De mon point de vue, la première chose est d'avoir une évaluation qui prenne en compte les différentes dimensions du point de vue biologique de l’organisme, psycho cognitif et social. C'est d’ailleurs ce qui est recommandé dans les prise en charge des douleurs chroniques par les instances spécialisées dans le domaine.
La deuxième chose, c'est de comprendre les attentes des patients parce qu'on se rend compte qu'il y a un phénomène dit “syndrome iceberg”. C'est-à-dire que les patients, quand ils consultent, ne vont dire que le sommet de l’iceberg et passer sous silence le plus gros de symptômes. C’est en posant des questions qu’on se rend compte qu’un patient qui dit “je viens parce que j'ai mal au dos” veut dans un premier temps être rassuré, savoir qu’il y a rien de grave, comment ça va évoluer et ce qu’il peut faire lui-même.
Pour contourner ce syndrome iceberg, il faut savoir :
- Quels sont les éléments de motivation qui font que la personne est venue consulter
- Quelles sont les raisons pour lesquelles cette personne a besoin d’être rassurée sur son diagnostic
- Quels sont les antécédents
Un exemple rapide :
J’ai un ami à qui on a diagnostiqué un lymphome et pendant son traitement il a eu mal au dos. Sa première inquiétude était de savoir si c’était un signe de métastases qui commencent à taper dans le dos.
Pour un kiné, il est important d’avoir en tête que les choses peuvent être plus psychosociales. Les patients peuvent cacher des choses peut-être par politesse, par éducation, ils viennent rarement en disant j'ai peur de ça.
Suite à ça on peut aussi mieux adapter le traitement proposé, car les besoins vont être différents. Certains vont avoir besoin de faire de l’exercice, d’autres de faire de la manipulation, de l’éducation ou simplement besoin d’être là en support et d’écouter.

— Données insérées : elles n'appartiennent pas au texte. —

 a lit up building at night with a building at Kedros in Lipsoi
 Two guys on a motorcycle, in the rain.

Comment vous voyez évoluer la kinésithérapie d’ici 5 à 10 ans sur le sujet ?
Alors, la version grand public : on va dire une évolution positive, et la version sincère plutôt pas très positive pour différentes raisons.
On constate actuellement que la plupart des formations s’universitarisent, dû principalement à un manque de moyen, l’université à tendance à chercher des troncs communs aux formations dans le but de donner un minimum de connaissance à tout le monde.

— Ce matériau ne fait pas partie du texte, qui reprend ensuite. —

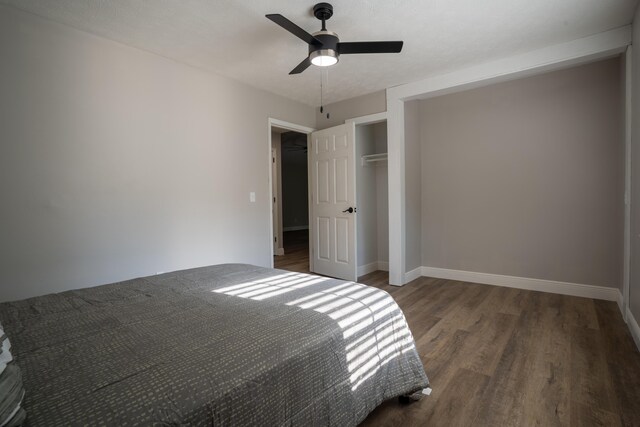 316 Old Hales Gap Rd, Trenton, GA 30752 - unfurnished bedroom with wood finished floors, a closet, and a ceiling fan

Il y a également peu de personnes qui ont un doctorat ou sont maîtres de conférence, ce qui complique la tâche des universités pour soutenir le niveau. Donc sur le court terme, ma vision n’est pas très optimiste.

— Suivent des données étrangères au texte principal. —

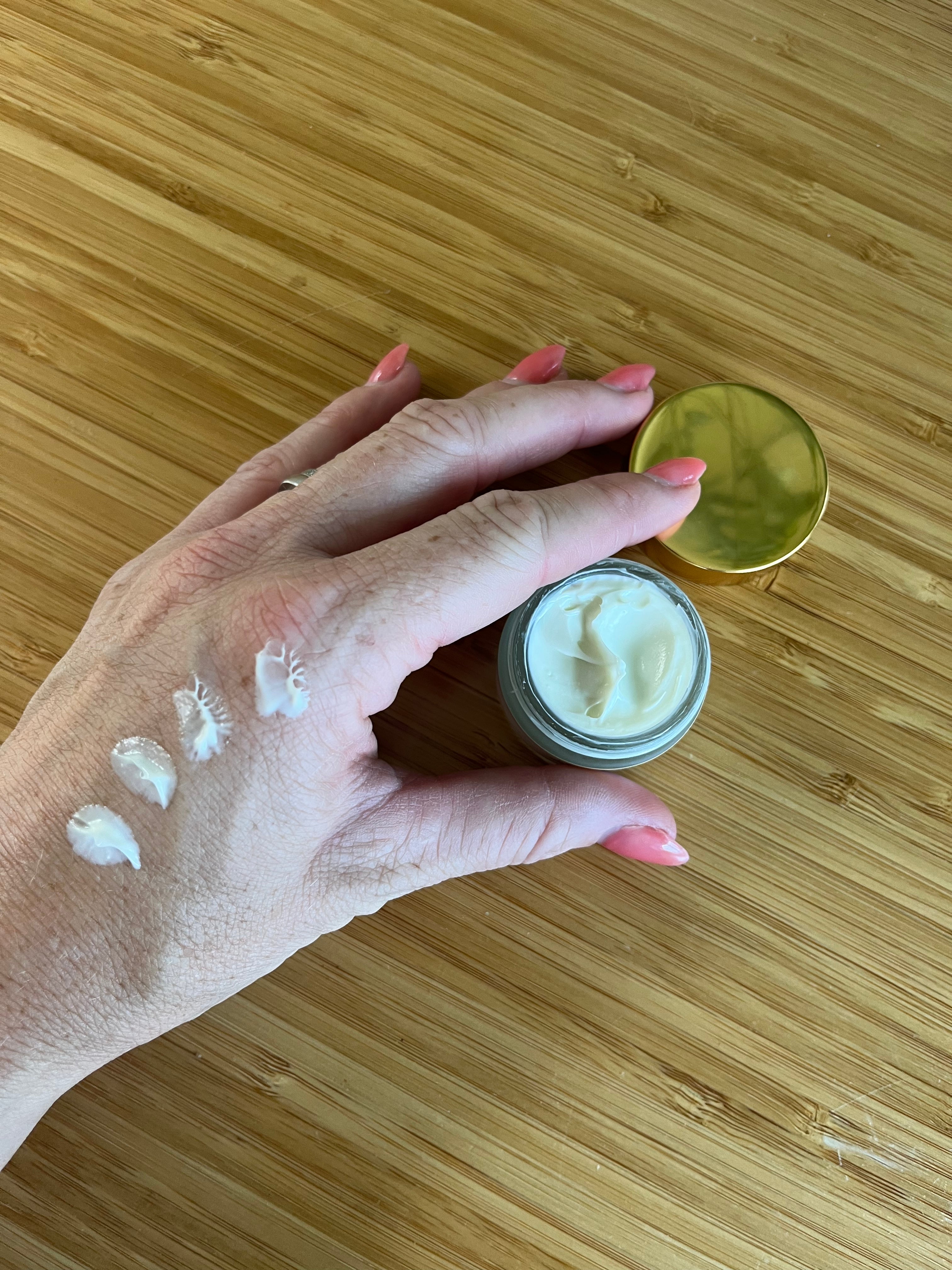Hand with LOVESKIN's smoothing eye butter applied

C’est à relativiser car il y a aussi beaucoup de bonne volonté : il y a quand même de plus en plus de personnes qui se forment, qui ont été formées et qui ont envie d'enseigner.
On subit également des problèmes plus pragmatiques, quand on regarde sur le terrain.
Les kinés ont perdu 50% de leur pouvoir d’achat au cours de ces quarante dernières années. Dû à la fourchette de prise en charge des frais fixée par l’assurance maladie, qui rembourse la moitié et les 30% restants par les mutuelles.
Cette politique de remboursement entraîne donc des dépassements d’honoraires ou des séances multi patient…
Pensez-vous que la nouvelle loi à venir sur la télésurveillance va avoir un impact sur la kinésithérapie ?
C’est intéressant, puisque parfois les patients peuvent avoir du mal à se déplacer, ou ont du mal à trouver du temps. Des consultations à distance régulières vont permettre de changer les exercices, corriger la séance, discuter sur comment ça s’est passé, qu’est ce que ça a donné. Ce temps là peut très bien se faire en téléconsultation, et qui permettrait même de prendre ¼ d’heure au lieu de se voir une demie heure toutes les semaines. Pourquoi pas faire ¼ d’heure en début de semaine et ¼ d’heure en milieu de semaine pour permettre cet esprit de “coaching”.